The sweet smell of sileage, and baking


It's been a long, dry summer here on the farm and we are now offering the deer supplementary feed fairly regularly. This takes the form of sileage, which has to be the most foul smelling stuff in agriculture. So after an afternoon 'helping' Tim feed, we came back, showered and made pizzas for dinner. And because I can't seem to stop baking sweet tarts at the moment, we then had this blueberry and lime tart (recipe below). 

Sunday night pizzas

2 tsp dried yeast
1 tsp sugar
4 tbsp warm water
2 cups flour

Topping suggestions
Roasted tomato sauce (recipe below), mozzarella, parmesan, ricotta, basil, cherry tomatoes, prosciuttio, beetroot, thyme and olive oil

Mix the yeast, sugar and water together in a small bowl and set aside for 10 minutes.

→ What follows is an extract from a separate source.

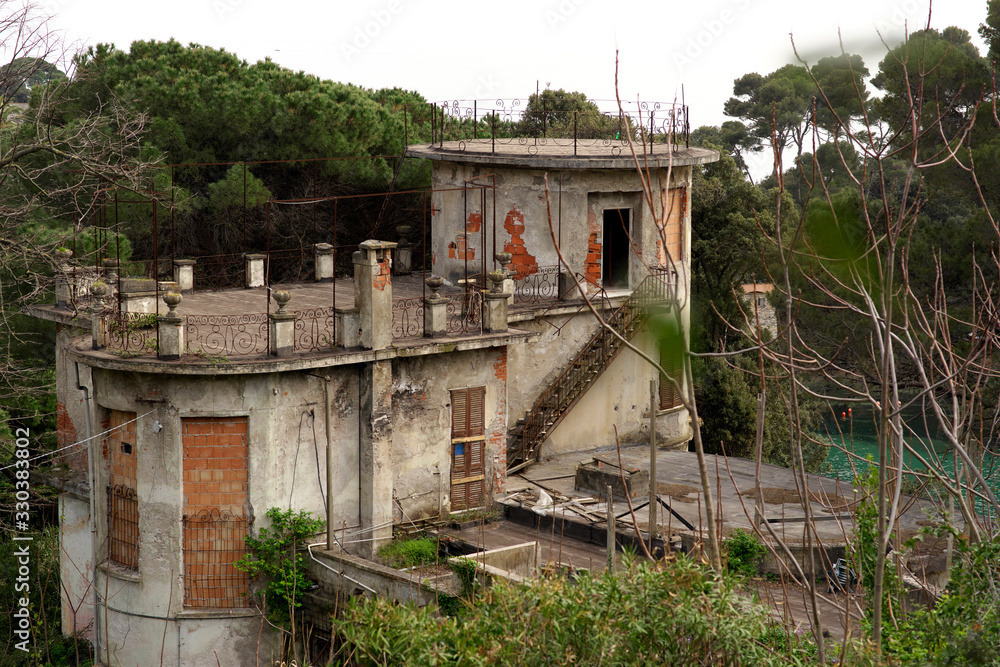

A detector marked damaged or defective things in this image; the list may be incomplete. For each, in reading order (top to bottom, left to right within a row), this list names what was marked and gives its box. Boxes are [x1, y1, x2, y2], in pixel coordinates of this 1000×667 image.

peeling plaster wall [426, 162, 692, 292]
peeling plaster wall [390, 348, 508, 520]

Place the flour in a lage bowl, add salt to taste and make a well in the centre. Pour the yeast mixture in and bring the whole lot together. Knead by hand or in a mixer with a dough hook for about five minutes or until the dough becomes smooth and elastic. Divide dough into four balls, cover and leave to rest on a lightly floured surface.

Preheat oven to 200C and place a baking tray on the middle shelf. Roll out the dough, until you have a thin circle and place this on a piece of baking paper. Then top with any of the above and slide onto the preheated tray to cook for about 10 minutes.

Tonight we made three different pizzas; a very plain option of just tomato sauce, ricotta and mozzarella, then another one with cherry tomatoes, parmesan, garlic and olive oil and the final pizza starred one golden beetroot bulb, very thinly sliced (thank you mandolin) and scattered on the pizza with some lemon thyme, garlic and olive oil. The result was a beautifully sweet pizza that will definitely become a regular in our Sunday night line up.

Roasted tomato sauce

This is an absolutely beautiful sauce and a great way to use up excess tomatoes. It adds a great depth of flavour to pizza, pasta and heaps more recipes, like lasagna and baked meatballs. Makes about 1 litre.

1 kg nice, ripe tomatoes, quartered
3 cloves garlic, peeled
1 red onion, peeled and quartered
Olive oil, red wine vinegar, salt and pepper

Preheat oven to 140C and combine all ingredients in a large oven-proof tray. Place in the oven and cook gently for one hour. Blitz with a stick blender or food processor and seal in a jar or container before storing in the fridge.

Blueberry and lime tart

The idea for this recipe comes from New Zealand cookbook; A Year's Worth. This book is a constant friend and I often turn to it for new ideas, or just a nice read. 

1 quantity of shortcrust pastry
80g butter, melted
Juice and zest of 5 limes

3 eggs
1/2 cup caster sugar
1 cup blueberries
1 egg white, to brush the pastry
Icing sugar (to dust)

Line a pie tin with the pastry and preheat the oven to 180C. Place the lined tin the fridge to rest for a little while and wrap extra pastry in plastic before returning that to the fridge too. Blind bake for 10 minutes and then make the filling. To do this, whisk the eggs, sugar, lime juice and zest and butter together until well combined.

If you'd like to decorate the pie's crust as above; just roll out the remaining pastry and, using a small heart shaped biscuit cutter, cut out about 10 small hearts. Slice these in half, down the middle and arrange in a pretty pattern around the edge of the pie tin. Brush with the egg whites and sprinkle with a little extra caster sugar before carefully pouring in the lime mixture.

Bake for 15 minutes. Serve warm or at room temperature.


  1. Everything about this post is beautiful Sophie. Food and farm life just doesn't look any better than this!

  2. That pie looks absolutely divine!!

  3. I just tried one of your recipes - the cheese biscuits (actually I think it was a guest recipe). Anyway, looking forward to trying them. I also wondered what camera you use. Your photos are wonderful & I am looking to upgrade.